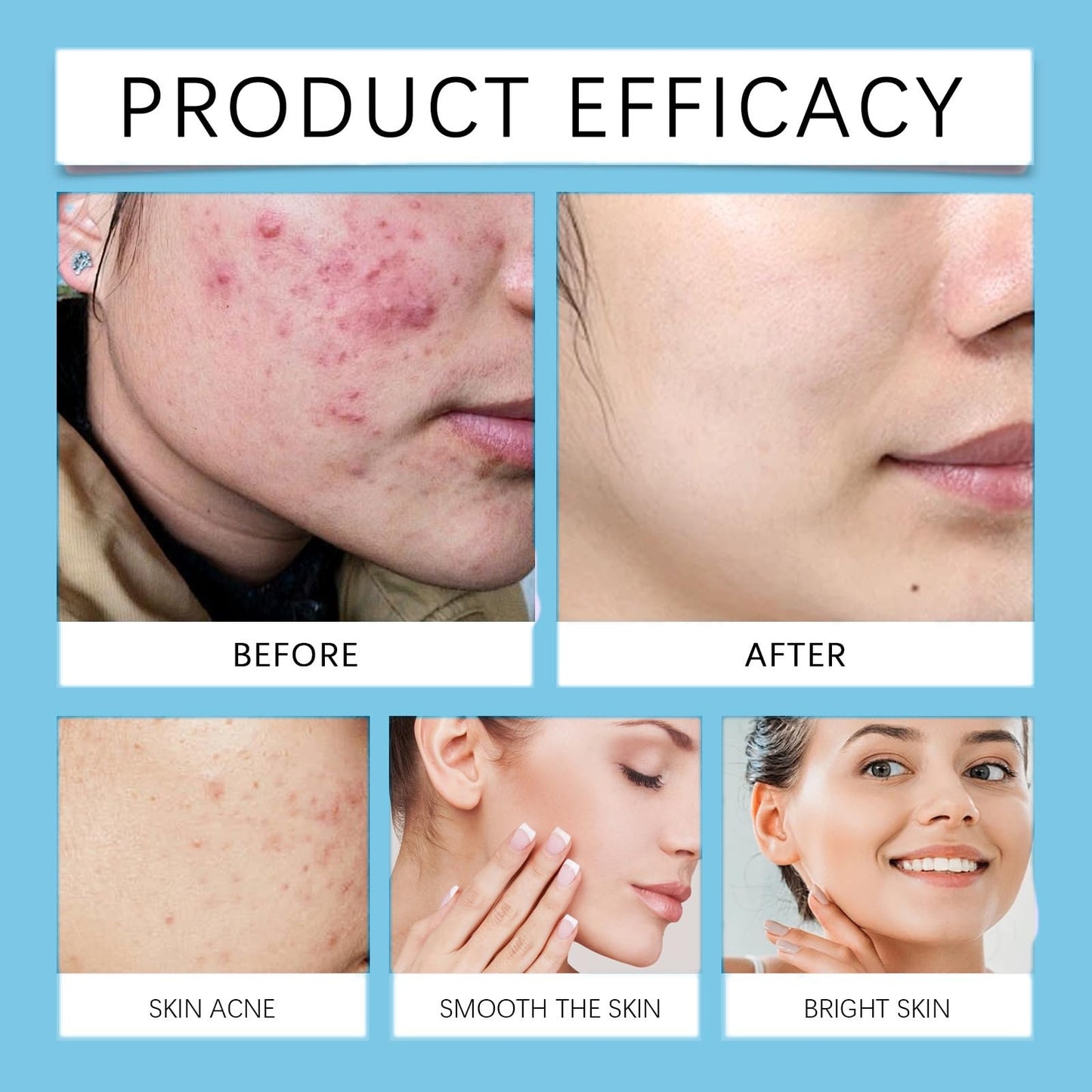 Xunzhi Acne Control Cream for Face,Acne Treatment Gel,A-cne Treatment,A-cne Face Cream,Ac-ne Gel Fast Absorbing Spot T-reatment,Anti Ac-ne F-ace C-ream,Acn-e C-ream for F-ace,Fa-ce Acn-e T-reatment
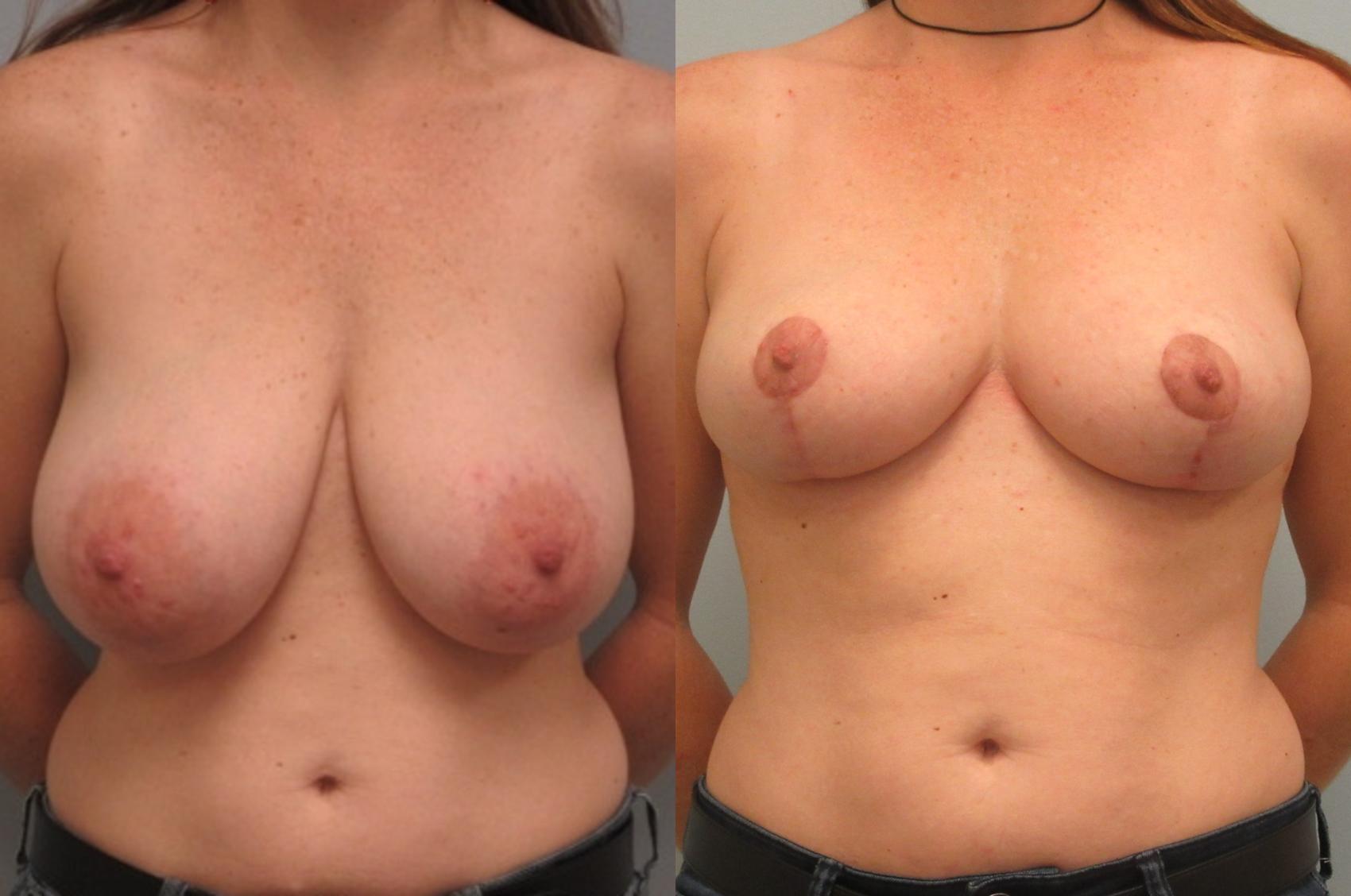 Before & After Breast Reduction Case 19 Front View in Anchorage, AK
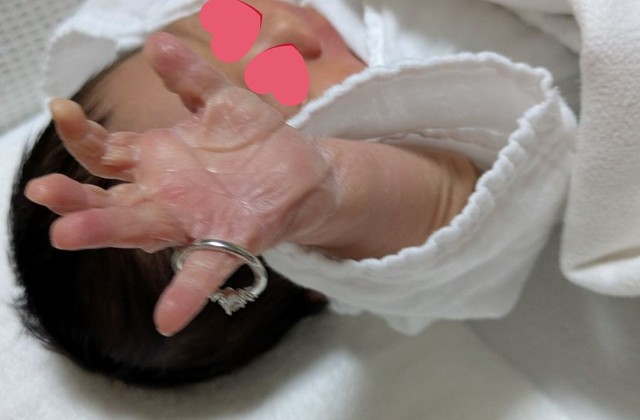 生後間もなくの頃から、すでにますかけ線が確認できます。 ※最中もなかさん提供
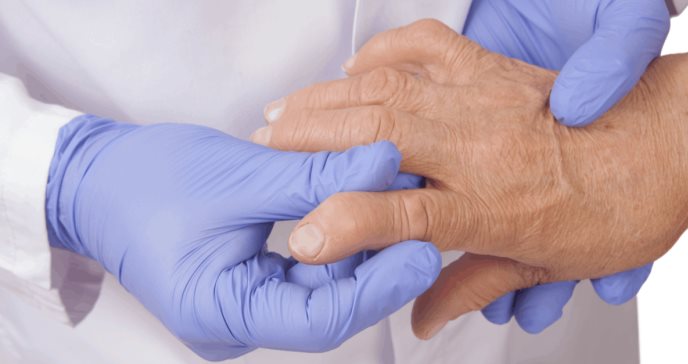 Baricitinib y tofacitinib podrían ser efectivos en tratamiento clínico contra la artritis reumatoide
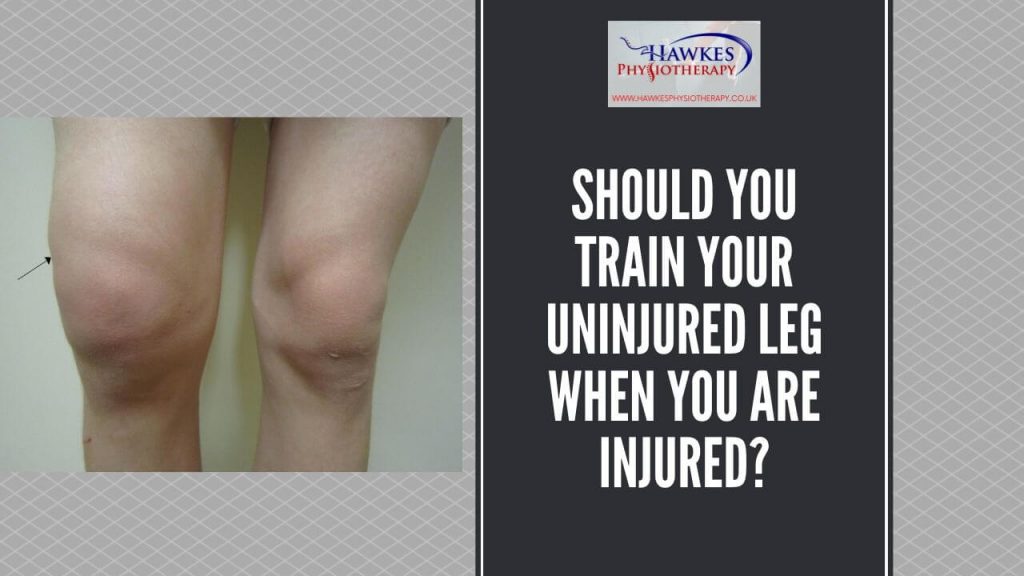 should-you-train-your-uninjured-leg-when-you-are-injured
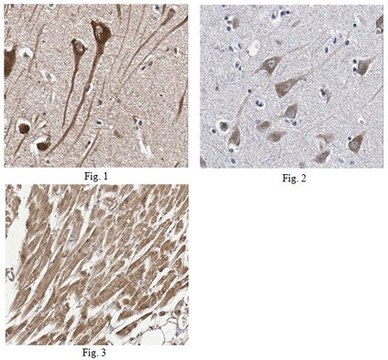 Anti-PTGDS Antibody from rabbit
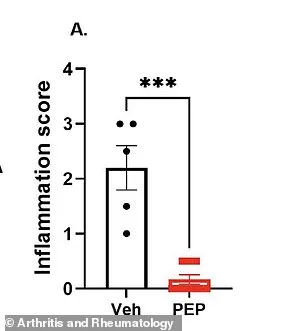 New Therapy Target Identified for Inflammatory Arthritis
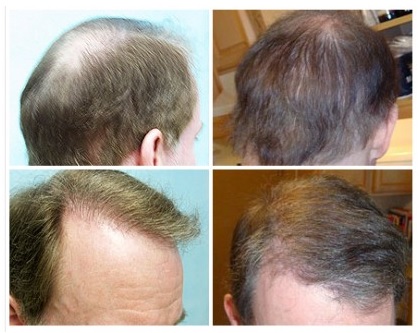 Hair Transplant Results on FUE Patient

+++

● **WHAT IS EXPECTED**: Above is the material; set down exactly its lines from the one containing "生後間もなくの頃から、すでにますかけ線が確認できます。 ※最中もなかさん提供" down to the one containing "New Therapy Target", both included, leaving out any pictures.

● **REPLY TO THE EXERCISE**:
 生後間もなくの頃から、すでにますかけ線が確認できます。 ※最中もなかさん提供
 Baricitinib y tofacitinib podrían ser efectivos en tratamiento clínico contra la artritis reumatoide
 should-you-train-your-uninjured-leg-when-you-are-injured
 Anti-PTGDS Antibody from rabbit
 New Therapy Target Identified for Inflammatory Arthritis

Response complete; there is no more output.